The rear suspension system of the Coventry Eagle.

MUCH has been said, from time to time, regarding the demerits of the "single-cylinder," and for years critics have prophesied an early death to this type of engine. The same can be said of the sidecar, and yet by far the most popular passenger outfit on the road to-day is a combination of the two, namely, the dual purpose "single."

It is simple, almost foolproof, and easily handled as a solo mount. At the same time it is sufficiently powerful if suitably geared to haul a sidecar should the owner so desire. Among the well-known manufacturers who build this type of machine is the Coventry Eagle Motor and Cycle Manufacturing Co., and for some years this firm has been marketing a 3½ h.p. model on these lines.

Good Delivery Tune.

Recently we were given an opportunity of testing the 1920 Coventry Eagle on the road. The mount taken over was in no way specially prepared - in fact, it was one of several just assembled, and had not done ten miles on the road. Under these circumstances, it might be thought that a lot of tinkering would be necessary before embarking on a long run. This, however, was not the case, the only alteration being a slight slackening of the gear lever spring to allow it to move more freely.

The machine is of conventional design, incorporating well-known components, and is of pleasing appearance.

The engine is the 3½ h.p. King Dick, made by Abbingdon-Ecco, Ltd., of King Dick spanner fame. It has side-by-side valves, B. and B. carburetter, and E.I.C.. magneto. A short tail pipe is fitted to the silencer, finishing at the gear box. An improvement would be effected by carrying this further to the rear, as the burnt gasses make the kick starter and gear box dirty. The usual chain-cum-belt transmission is used, a Sturmey-Archer three-speed gear box being fitted. The driving chain is enclosed in a substantial aluminium dustproof case.

Aluminium footboards, swept up in front, are fluted, and the rider has, the choice of fiat T.T. or ordinary touring bars.

Well-valanced Mud-guards.

The machine in question was fitted with the latter type, and though we, personally, prefer the flat bar for solo, work, the riding position was found to be very comfortable. Both front and rear mudguards are reasonably wide and well valanced, and although quite a distance was covered over very wet roads, and several water-splashes negotiated, little discomfort was experienced from mud and water.

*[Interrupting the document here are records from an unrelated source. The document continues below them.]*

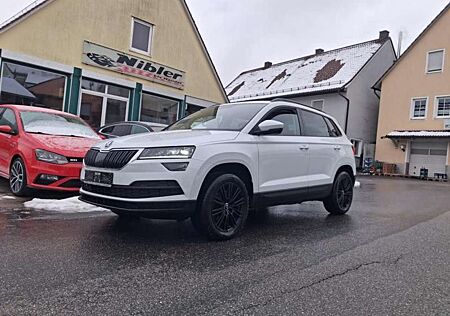 Skoda Karoq 1.0 TSI Ambition LED+KAMERA+SITZHZ.+1.HAND
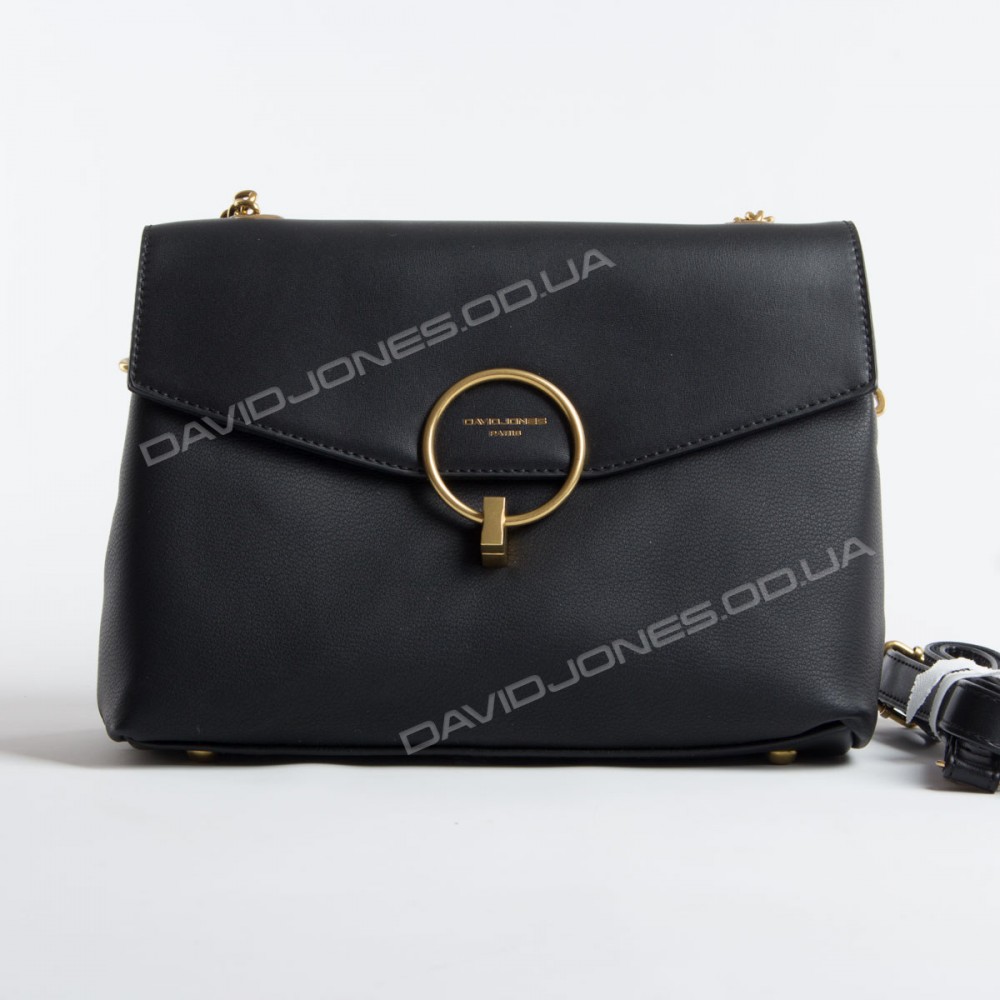 Клатч 6160-1 black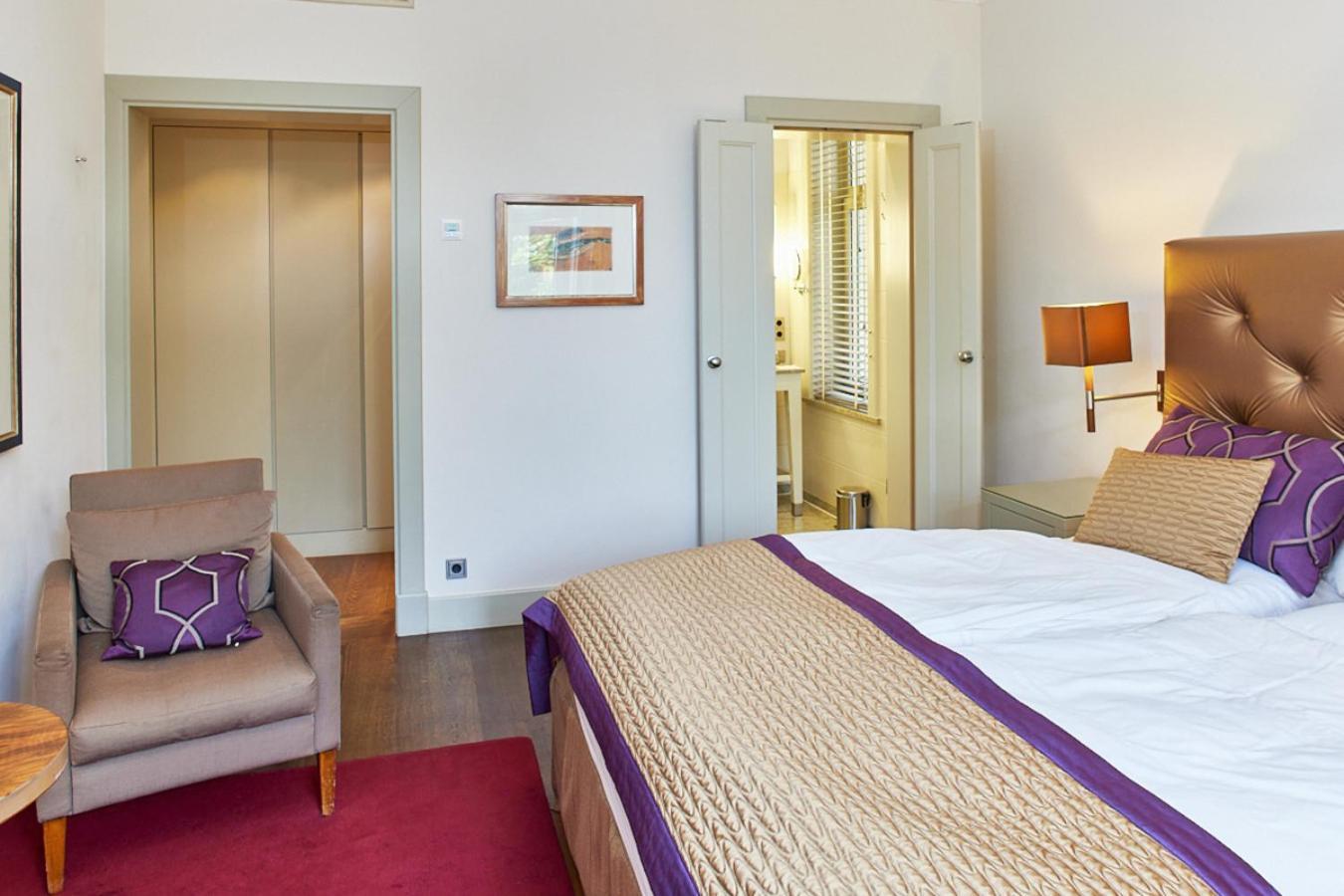 Remise Am Suellberg - Das Kleine Hotel Am Suellberg Αμβούργο Εξωτερικό φωτογραφία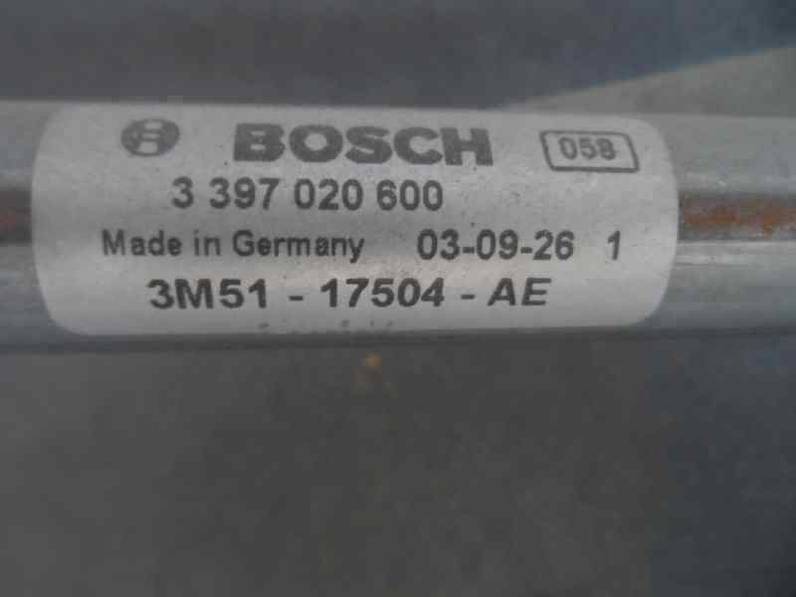 MOTOR LIMPIA DELANTERO FORD FOCUS C MAX 2003 1.6 16V (101 CV)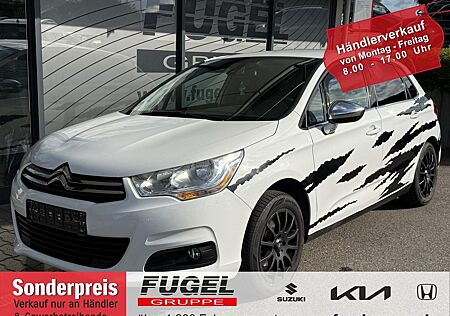 Citroën C4 1.6 16V Selection SHZ|Temp.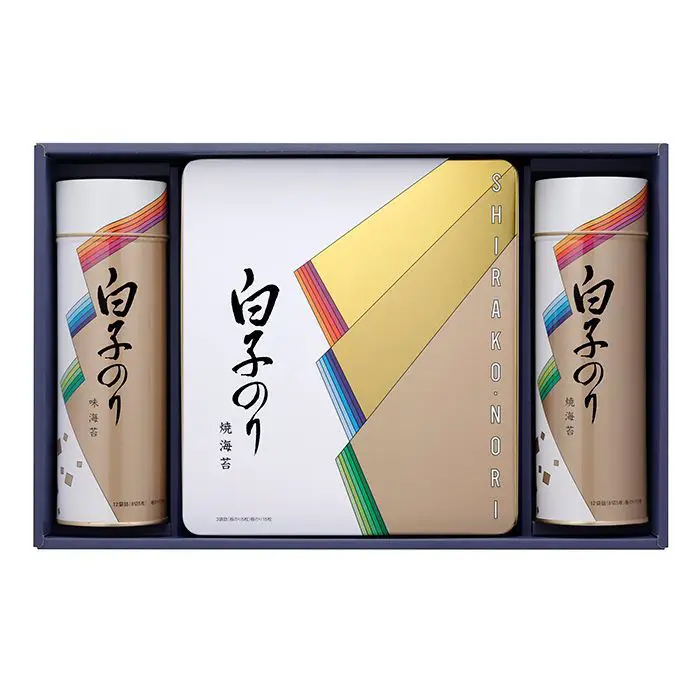 【夏限定】白子のり詰合せ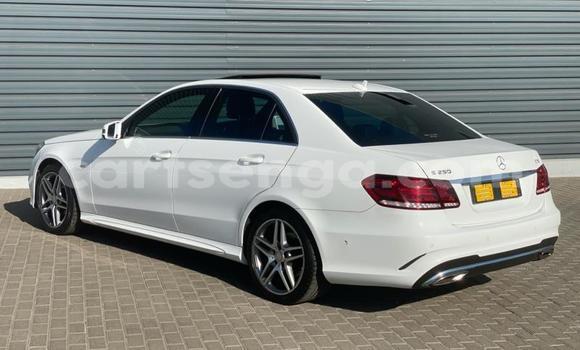 Buy Used Mercedes‒Benz E–Class White Car in Big Bend in Lubombo Buy Used Mercedes‒Benz E–Class White Car in Big Bend in Lubombo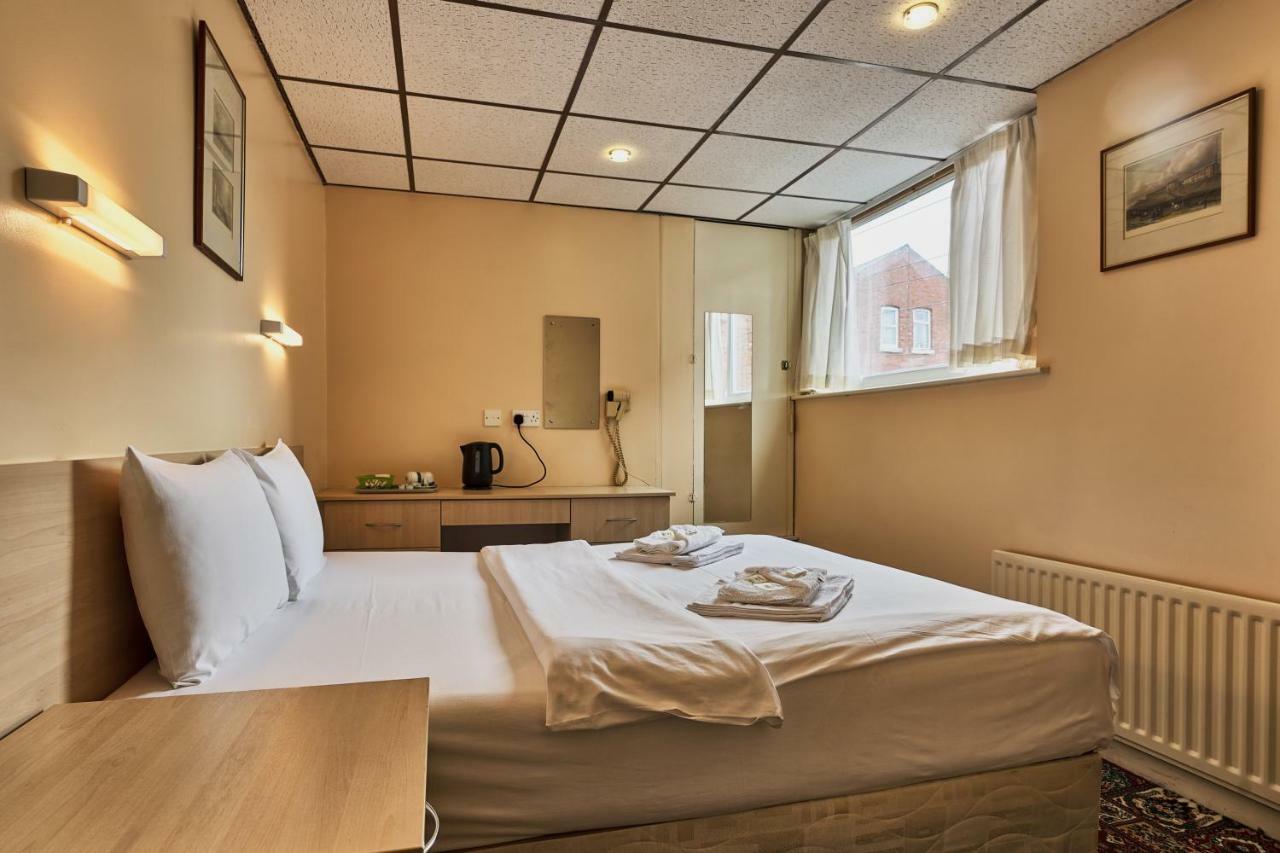 The Dukeries Hotel Blackpool Esterno foto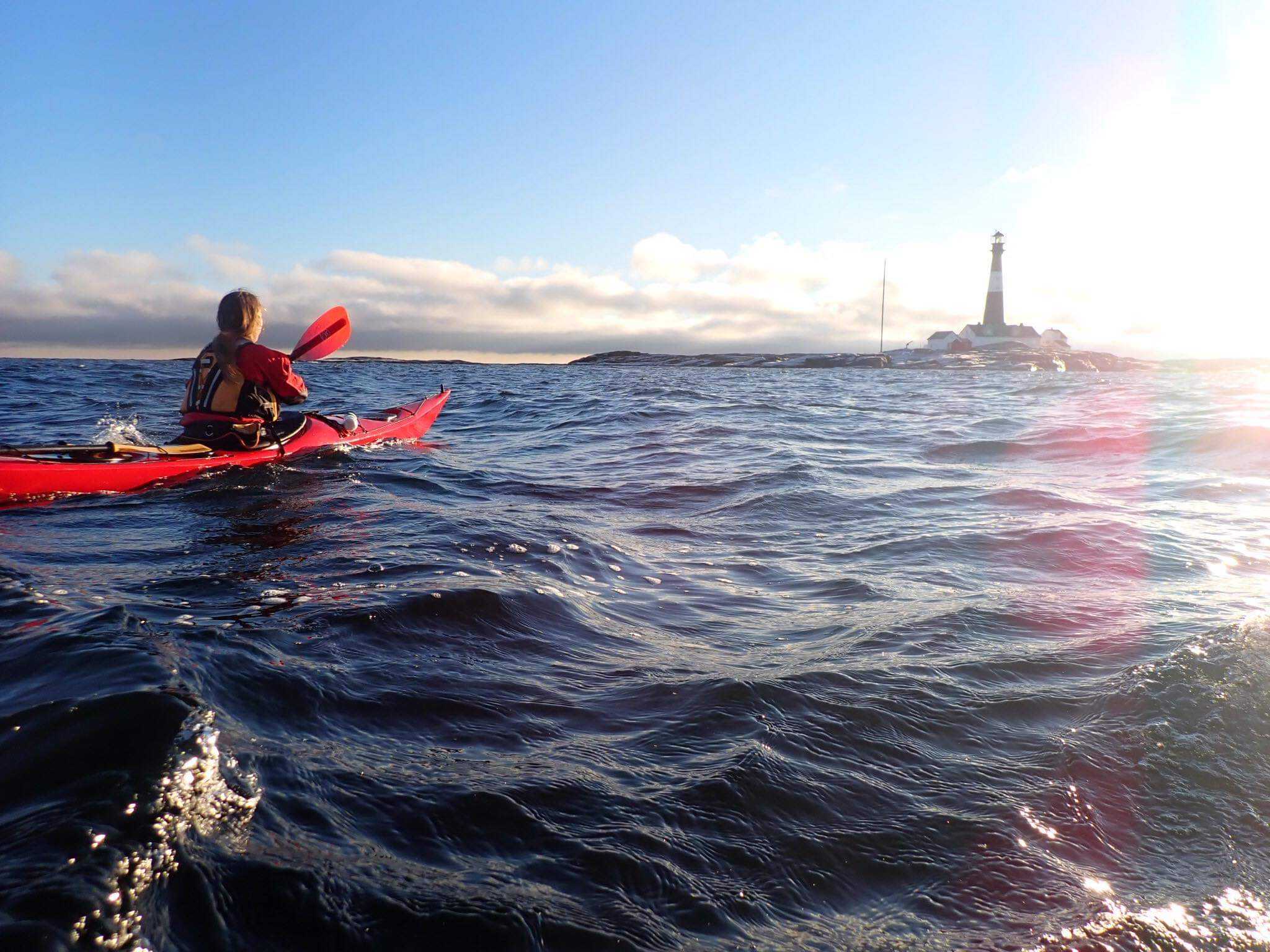 Gode råd for høst og vinterpadling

The first 200 miles were covered principally over main roads, and, as the machine was exceedingly "new," we took things fairly easily in order to allow the engine to get properly "run in."

Later, however, quite an interesting 300 miles run was made in connection with a Western club trial, under conditions which would rarely be encountered in ordinary touring. The course for the most part was over rough stony by-lanes in a hilly district, including a considerable amount of second gear work. The machine behaved excellently, showed no signs of overheating, and was very steady on the rough and greasy surfaces. The engine gave ample power, and on only one occasion was it necessary to use bottom gear; this was on a stiff climb of 1 in 4, where the "change down" was made in order better to negotiate the very bad surface. As regards speed, it can be said that, although no accurate test was made, the 3½ h.p. Coventry Eagle is fast enough to satisfy the average soloist. It is capable of maintaining a good average over long distances without the slightest signs of distress. This was proved on the return journey, when, being without lamps, it was found necessary to cover the last seventy-five miles in under three hours.

Perhaps a better test could have been made had a sidecar been fitted, but, judging by its performance as a solo mount, and from our observations of several we have seen in use with a sidecar, we know that it can truly be described as a dual-purpose mount.

In these days of super-efficient twins riders are apt to overlook the main advantages of the single, viz., its simplicity and lower production costs, which in turn account for its inherent reliability and economy.